DOI: https://doi.org/10.3389/fmicb.2019.02529

Interpretive Summary: Aspergillus flavus section Flavi produce aflatoxins that are known to cause cancer in humans. However, members of the group are highly variable in their ability to produce Aflatoxins; some members of the group do not produce aflatoxins, and are known are atoxigenic. Use of indigenous atoxigenic genotypes to displace toxin producers in fungal communities in agricultural soils is increasingly becoming popular. However, there is a need for improved methods for rapidly assessing the efficacy of biocontrol and their residual effects. To address this need, the current study designed twenty-four quantitative pyrosequencing assays for rapid post-harvest detection and quantification of Aspergillus flavus genotypes which serve as active ingredients in the biocontrol product AflasafeTM that is registered for use in Nigeria. The fungal genotypes are quantified from mixed fungal populations associated with crop surfaces. Sixteen of the assays are for individual genotypes and eight are for simultaneous detection and quantification of multiple active ingredients. Refinement of the assay with mixtures of DNA from target and non-target genotypes indicated both accuracy and sensitivity of the assays. Quantification of target alleles by single and multiple genotype assays was highly correlated with proportions of target DNA in the mixtures. Results from the current study showed that quantitative pyrosequencing is a robust and reliable tool for rapid detection, quantification, and monitoring of multiple Aspergillus flavus genotypes within complex fungal communities associated with crops.

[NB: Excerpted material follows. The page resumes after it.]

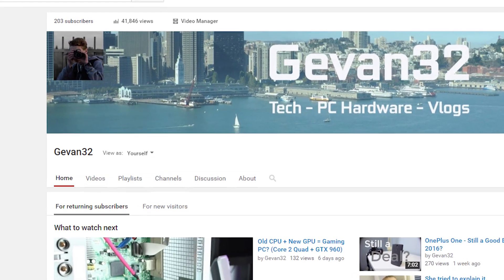Thanks for watching. If you liked the video, hit like. If you didn't, hit dislike and let me know why so I can improve. If you really liked it, subscribe. Big thanks for hitting 200 subs — we just hit that a few days ago. If you want to help that sub count go up, hit that subscribe button.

Technical Abstract: Aflatoxins pose significant food security and public health risks, decrease productivity and profitability of animal industries, and hamper trade. To minimize aflatoxin contamination in several crops, a biocontrol technology based on atoxigenic strains of Aspergillus flavus is commercially used in the United States and some African countries. Significant efforts are underway to popularize the use of biocontrol in Africa by various means including incentives. The purpose of this study was to develop quantitative pyrosequencing assays for rapid, simultaneous quantification of proportions of four A. flavus biocontrol genotypes within complex populations of A. flavus associated withmaize crops in Nigeria to facilitate payment of farmer incentives for Aflasafe (a biocontrol product) use. Protocols were developed to confirm use of Aflasafe by small scale farmers in Nigeria. Nested PCR amplifications followed by sequence by synthesis pyrosequencing assays were required to quantify frequencies of the active ingredients and, in so doing, confirm successful use of biocontrol by participating farmers. The entire verification process could be completed in 3–4 days proving a savings over other monitoring methods in both time and costs and providing data in a time frame that could work with the commercial agriculture scheme. Quantitative pyrosequencing assays represent a reliable tool for rapid detection, quantification, and monitoring of multiple A. flavus genotypes within complex fungal communities, satisfying the requirements of the regulatory community and crop endusers that wish to determine which purchased crops were treated with the biocontrol product. Techniques developed in the current study can be modified for monitoring other crop-associated fungi.